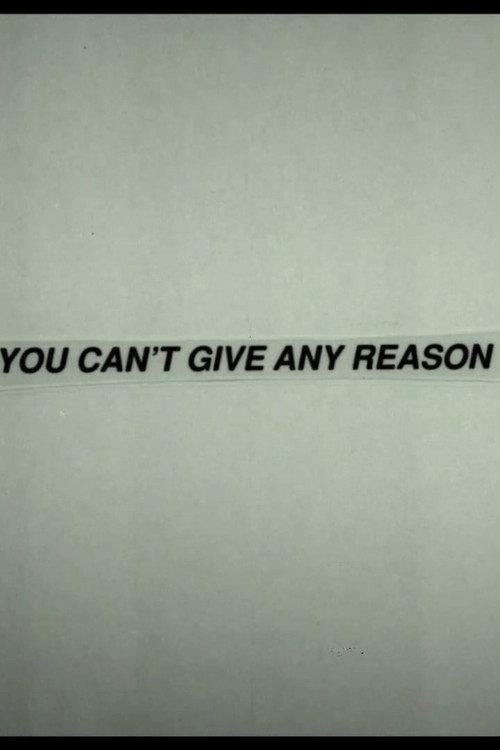You Can't Give Any Reason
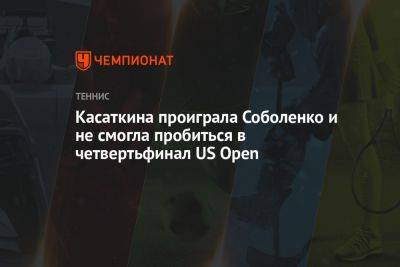 Касаткина проиграла Соболенко и не смогла пробиться в четвертьфинал US Open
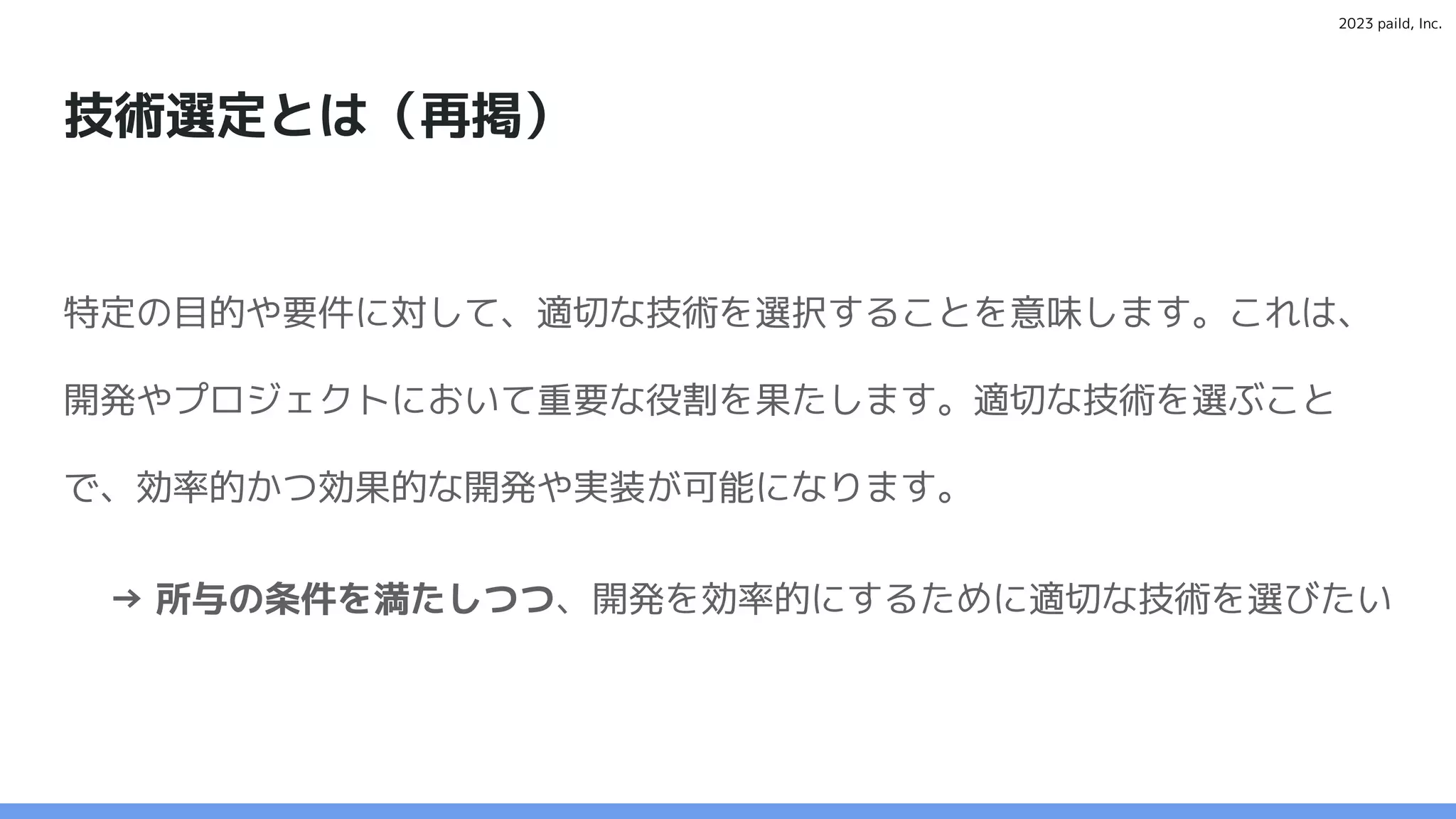 2023 paild, Inc.
技術選定とは（再掲）
特定の目的や要件に対して、適切な技術を選択することを意味します。これは、
開発やプロジェクトにおいて重要な役割を果たします。適切な技術を選ぶこと
で、効率的かつ効果的な開発や実装が可能になります。
→ 所与の条件を満たしつつ、開発を効率的にするために適切な技術を選びたい
 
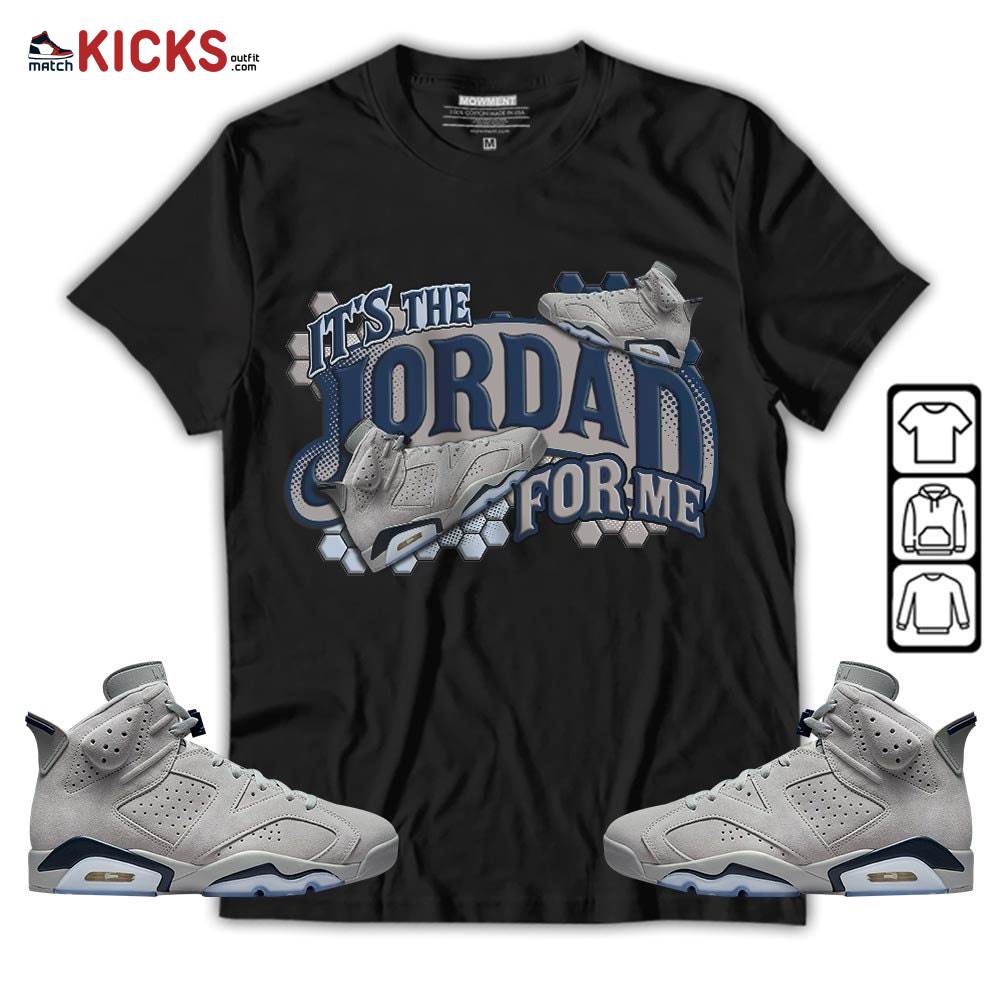 It’s The For Me Sneaker Shirt Match Georgetown 6s, Jordan 6 Retro Georgetown MKO T-Shirt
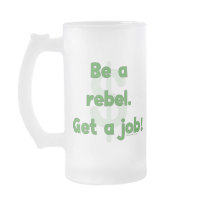Be A Rebel Get A Job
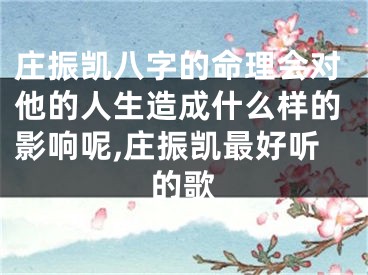 庄振凯八字的命理会对他的人生造成什么样的影响呢,庄振凯最好听的歌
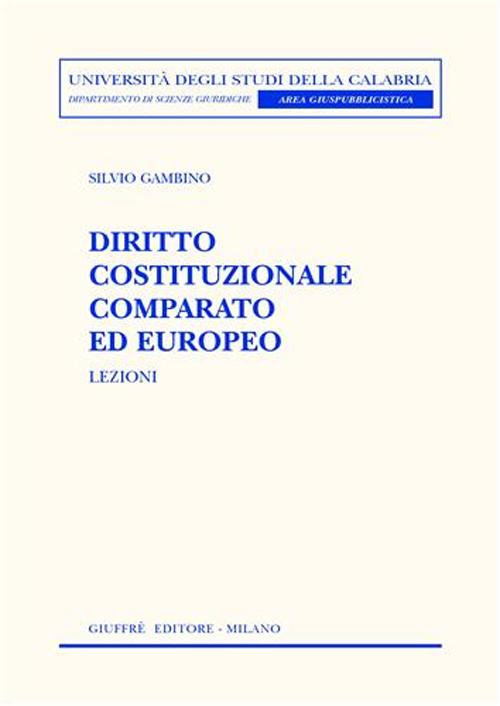 Diritto cosituzionale comparato ed europeo. Lezioni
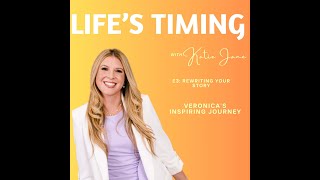 Life's Timing E3: Rewriting Your Story: Veronica’s Inspiring Journey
▬▬▬
» **WHAT THE EXERCISE ASKS**: Omit pictures and output the listing exactly.

» **ANSWER FOR THIS EXERCISE**:
You Can't Give Any Reason
 Касаткина проиграла Соболенко и не смогла пробиться в четвертьфинал US Open
 2023 paild, Inc.
技術選定とは（再掲）
特定の目的や要件に対して、適切な技術を選択することを意味します。これは、
開発やプロジェクトにおいて重要な役割を果たします。適切な技術を選ぶこと
で、効率的かつ効果的な開発や実装が可能になります。
→ 所与の条件を満たしつつ、開発を効率的にするために適切な技術を選びたい
 
 It’s The For Me Sneaker Shirt Match Georgetown 6s, Jordan 6 Retro Georgetown MKO T-Shirt
Be A Rebel Get A Job
 庄振凯八字的命理会对他的人生造成什么样的影响呢,庄振凯最好听的歌
 Diritto cosituzionale comparato ed europeo. Lezioni
 Life's Timing E3: Rewriting Your Story: Veronica’s Inspiring Journey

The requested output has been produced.